The film centers on the day in the life of Oscar Grant, played by newcomer Michael B. Jordan. Here's a man just trying to get his life together. He wants to reconnect with his girlfriend, with his daughter, he's trying to get his job back. The movie demonstrates how ordinary life can be, and later shocks us with just how precious it is. One thing, one decision can turn everything upside down in an instant and you're just left there trying to figure out how to explain it. Writer/director Ryan Coogler shows us, at the beginning of the movie, that our protagonist will die by the time the movie is over. In the beginning, it's just some video. A video containing people you don't know where something unfortunate takes place. The end of the movie re-captures this event, and the end result is emotionally overwhelming. The confidence that Coogler displays, in what is just his feature debut, is really what's most impressive to me.

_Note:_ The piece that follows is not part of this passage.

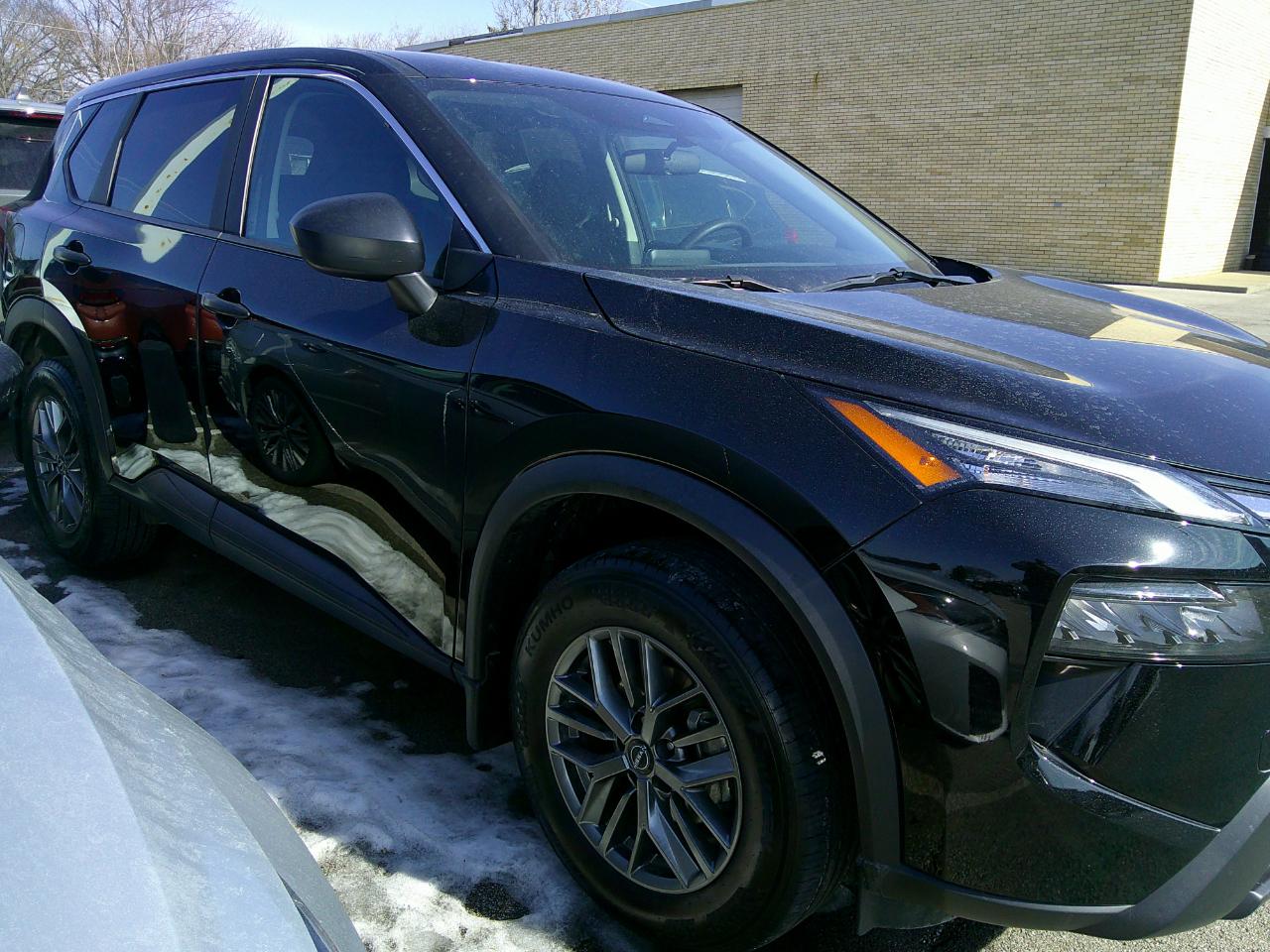 Nissan Rogue AWD S 2024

All I can think about are those final shots of Oscar's girlfriend, Sophina, with her daughter. How does she explain this to her? How can she possibly explain what happened to her Daddy in a way that makes any sense? Coogler wears his emotions on his sleeve here and forces us to think about these scenarios and how there are tragedies like these that occur nearly everyday.
The raves surrounding Michael B. Jordan is well-deserved. It's not that he does anything particularly eye-opening. It's just the remarkable control and confidence that he exudes in this role, giving this character such humanity that even when he screws up, you feel for him. Recognition is also well-deserved for Melonie Diaz, who plays Oscar's girlfriend, as well as Octavia Spencer who plays his mom. Octavia once again shows us why she's so deserving of that Oscar she won over a year ago and Diaz, along with Jordan, have a great, natural chemistry when on screen together.
Everything from the well-controlled hand-held camera shots, the steady yet heart-wrenching pacing, to the strong performances makes "Fruitvale Station" the best film of the year thus far. The film is an exclamation point and it will stick with you long after you've seen it. There's a wonderful simplicity in the way the film unfolds, once again demonstrating Coogler's confidence as a writer. Coogler doesn't crowd the film with visual flourishes or excess exposition. He gives us just enough to go by, and otherwise, demonstrates to us Oscar's everyman-ness. He has problems, he's not perfect, just like everyone else. He wants to be a better person, and from the looks of things, he very well could have been. Instead, he was taken from us. Just like that. And the film just makes us deal with it, which justifies its existence. Nothing here is overplayed or overdone, there's no overly dramatic music in the background. It just is. We see a life and we see it taken away.
What ultimately makes "Fruitvale Station" work is that, in its depiction of this tragic death, it's very much life-affirming. In this 24 hour timespan, "Fruitvale Station" celebrates the life of this young man just as much as it angrily depicts his death. It's a film that says it's ok to be angry, it's ok to sit there and just wonder why this had to happen. That's the very thing the filmmaker wants to know. You don't have to sympathize with Oscar, but regardless, you can recognize that his death was unwarranted, undeserved, completely unforgivable.
Once the film resets the time to midnight of New Year's Eve, 24 hours before the inevitable occurs, every minute the film goes on is a sense of utter dread. As I type this, I continue to realize what a brilliant choice it was to show us what happens to Oscar from the beginning. Every single event, every word that is spoken, every scene in this film means something. Everything from the small moments Oscar gets to spend with his child to the get-together he later has with his family. Ryan Coogler lays it all out for us to see and we can't help but watch until the bitter end.